The first section of my questions referred to 'The Fate of the National Scheme'. In reply to my first question, the PAS seems to be denying that no official statement was issued. In answering my second, they are suggesting that the new organization of the Scheme does not affect in any way its scope, affordances and duties. We will see.

The answer to the third question is wholly evasive. Documents I have seen suggest that before these changes, one third of the 'local partners' were already considering having to withdraw part or all of their contribution to the FLOs as part of the cuts affecting all public spending, and culture is a soft target. While these changes may be staved off one year, two, three or maybe more, the issue is not one that can be ignored and a situation that cannot be sustained indefinitely. Yet the BM answer avoids the question, referring back to their past "active partnerships" (loans and tours)  and refusing to acknowledge the changed context. Yes, "the local partners remain core to the [PAS'] delivery", and while perhaps in the middle of 2015 the Scheme still "retains its national reach across England and Wales", this is not going to continue much longer, the Welsh "reach" is already very tenuous. The question was not answered.
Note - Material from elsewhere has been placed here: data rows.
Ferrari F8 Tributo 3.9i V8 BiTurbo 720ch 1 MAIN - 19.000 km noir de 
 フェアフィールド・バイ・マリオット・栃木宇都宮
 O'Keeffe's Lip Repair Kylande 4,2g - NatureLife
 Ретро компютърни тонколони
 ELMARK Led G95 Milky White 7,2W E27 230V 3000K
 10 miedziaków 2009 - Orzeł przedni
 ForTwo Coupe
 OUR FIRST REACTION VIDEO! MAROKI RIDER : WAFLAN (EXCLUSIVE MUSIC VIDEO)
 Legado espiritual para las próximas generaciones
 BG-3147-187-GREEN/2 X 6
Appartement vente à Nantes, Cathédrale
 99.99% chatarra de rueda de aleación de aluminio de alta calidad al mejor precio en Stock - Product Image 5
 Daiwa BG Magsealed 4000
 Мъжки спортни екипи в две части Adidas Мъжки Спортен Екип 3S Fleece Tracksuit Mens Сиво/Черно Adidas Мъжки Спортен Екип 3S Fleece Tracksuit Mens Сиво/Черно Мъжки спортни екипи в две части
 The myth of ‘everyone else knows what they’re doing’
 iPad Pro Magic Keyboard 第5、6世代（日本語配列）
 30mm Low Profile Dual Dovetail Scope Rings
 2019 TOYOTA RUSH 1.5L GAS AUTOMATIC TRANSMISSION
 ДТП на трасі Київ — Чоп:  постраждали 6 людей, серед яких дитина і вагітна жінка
Likewise the BM does not regard making outside partners subservient to the programmes of the LVA department of a distant London Museum is in any way a downgrading of the Scheme which they had joined. Let us see whether local authorities see it that way. I asked whether those partners were consulted on the proposed changes to the programme in which they are partners and in what form. I suspect they were not, because the BM merely answers evasively: "we continue to consult with local and national partners on future strategy".

Neither is it true that "the status of the British Museum’s relationship with our partners in the PAS has not changed". Documents which had a restricted circulation outside the BM a few months ago suggest pretty unequivocally that the whole purpose of this reorganization was to facilitate development of those relationships in a certain direction in the interests of the British Museum itself, which could be said to be at the expense of the local partners. These documents should be made fully public.

My second batch of questions touched upon The Treasure Act and Heritage Policy The answer to question 5 suggests there are no changes at all in the Treasure Process. I asked whether the LVA PAS would be active in promoting changes in the " scope of Treasure in response to cases like the Crosby Garrett helmet" The answer was evasive.

As for the input the LVA envisages "making in national heritage policy concerning, for example artefact hunting, and how", I do not think they understood the question.

The next batch of questions concerned the core role of the PAS database in 'Mitigation of Information Loss (Valetta Art 2 and 3)' a key function of the PAS when it was originally set up. I asked what measures the LVA will be taking to ensure this aim is met to the degree required to mitigate a major portion of the knowledge lost through artefact hunting. The answer seems to be "none" but "through PASt Explorers we are hoping finders themselves, and other volunteers, will contribute to the recording effort". So we are going from a scheme where artefacts are reported and vetted and then recorded by professional archaeologists to one where the artefact hunters and other members of the public record their own finds? Like the UKDFD then? Yet in the answer to my ninth question, we are told "the PAS is not staffed by volunteers". This blog has for a number of months been trying to get to the bottom of just who those volunteers are and what their relationship is to the Scheme as a whole and the mechanics of their use to create database records. The results of those efforts (which basically consists of BM evasion at every step) are documented in the pages of this blog. Anyway it is good to know that the karaoke recorders are kept in the background, and that the 'front line' [sic] remains (and will remain) the Finds Liaison Officers.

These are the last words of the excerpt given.